Republican leaders rallied behind presumptive presidential nominee Mitt Romney as President Barack Obama officially began his re-election bid in the swing states of Ohio and Virginia.
Newt Gingrich and Rep. Michele Bachmann of Minnesota, who both dropped out of this year’s Republican primary contest, said Romney, 65, would prove better at creating jobs and reducing the country’s debt than Democrat Obama. Each had criticized Romney during the primary campaign for failing to be sufficiently conservative.
“Compared to Barack Obama, Mitt Romney is a solid conservative,” Gingrich, former speaker of the U.S. House of Representatives, said on CBS’s “Face the Nation” program. “As far as I’m concerned, I’ve endorsed him.”
The onetime Republican candidates spoke a day after Obama officially started his campaign by giving back-to-back speeches emphasizing populist themes and signs of economic progress since he was elected in 2008. The economy will be the dominant issue in the November election and Obama is seeking to make the case that, while the recovery has been uneven, his presidency has helped pull the U.S. out of a recession and reduced the unemployment rate.
“There have been disappointments, but we didn’t quit,” Obama, 50, said yesterday. “Together, we are fighting our way back.”
American employers in April added the fewest number of jobs in six months and wages stagnated, adding to concern that the nearly three-year-old economic expansion is cooling. The 115,000 increase in payrolls was less than forecast, Labor Department figures showed last week in Washington.
Both campaigns are preparing for a close election, with the most recent Gallup daily tracking poll, completed May 4, showing the race essentially tied. Obama received support from 46 percent of those polled and Romney got 45 percent. The margin of error is plus or minus 3 percentage points.

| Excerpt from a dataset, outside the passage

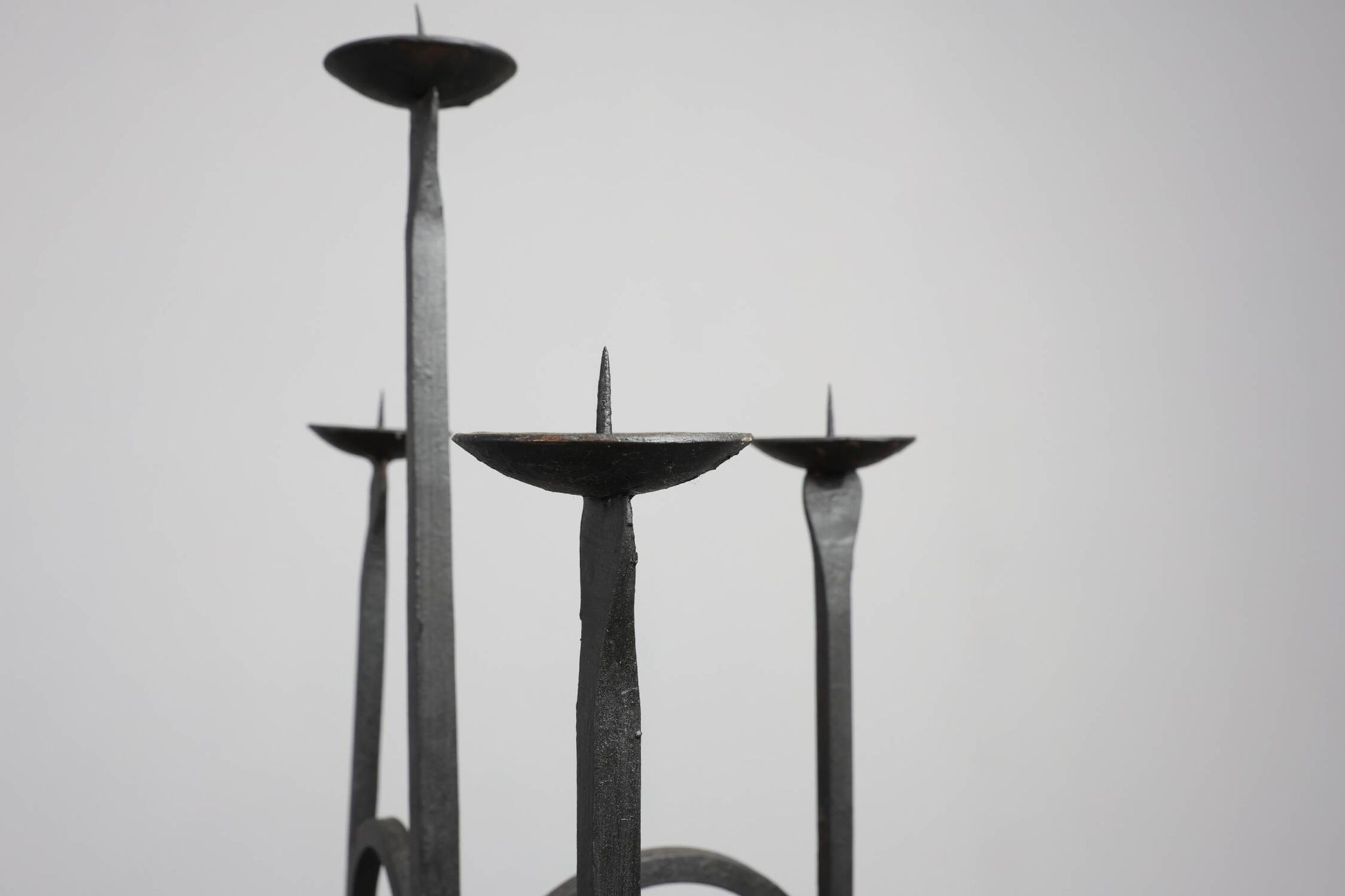 Candelabre en fer forgé néo-gothique, France, 19e siècle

Sen. Marco Rubio of Florida, a potential Republican vice presidential pick, called the latest jobs report “abysmal” and said Obama was trying to blame Republicans for the country’s current economic condition because his own polices have failed.

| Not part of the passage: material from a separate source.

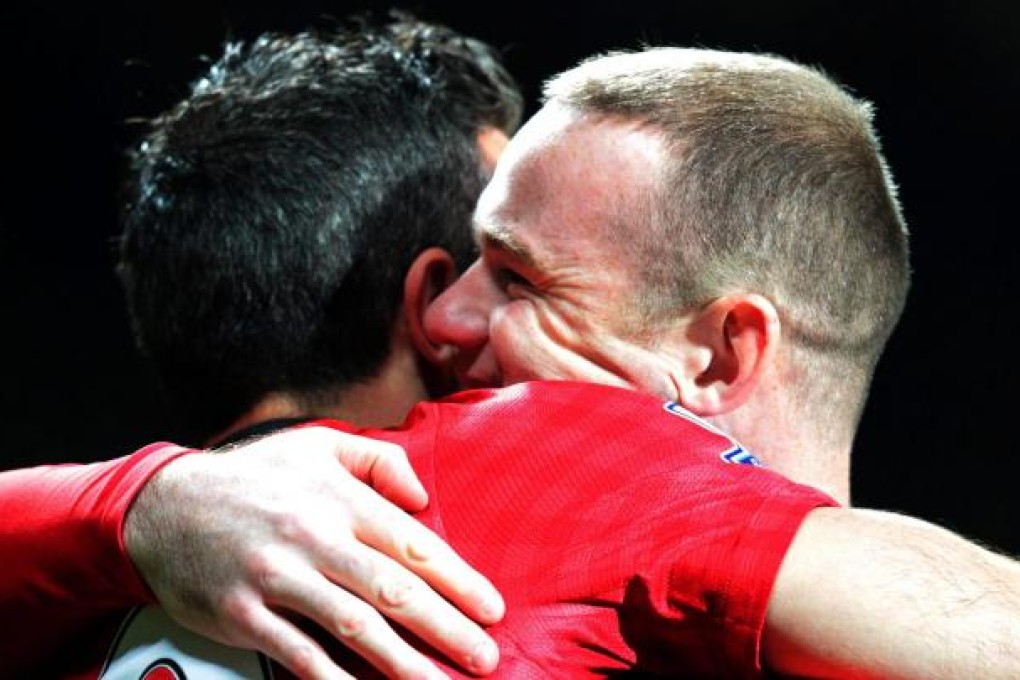 Robin Van Persie (left) celebrates with teammate Wayne Rooney after scoring his super-quick goal against West Ham. Photo: EPA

“Things keep getting worse under his watch,” Rubio said today on the “Fox News Sunday” program. “He doesn’t want to run on that record.”
Obama “asked us to hire him four years ago on the promise that he knew how to fix this economy,” Rubio said. “That’s the standard we should judge him by. The standard he set.”
He said Hispanics have been disproportionately affected by the administration’s “bad policies with regards to the economy.”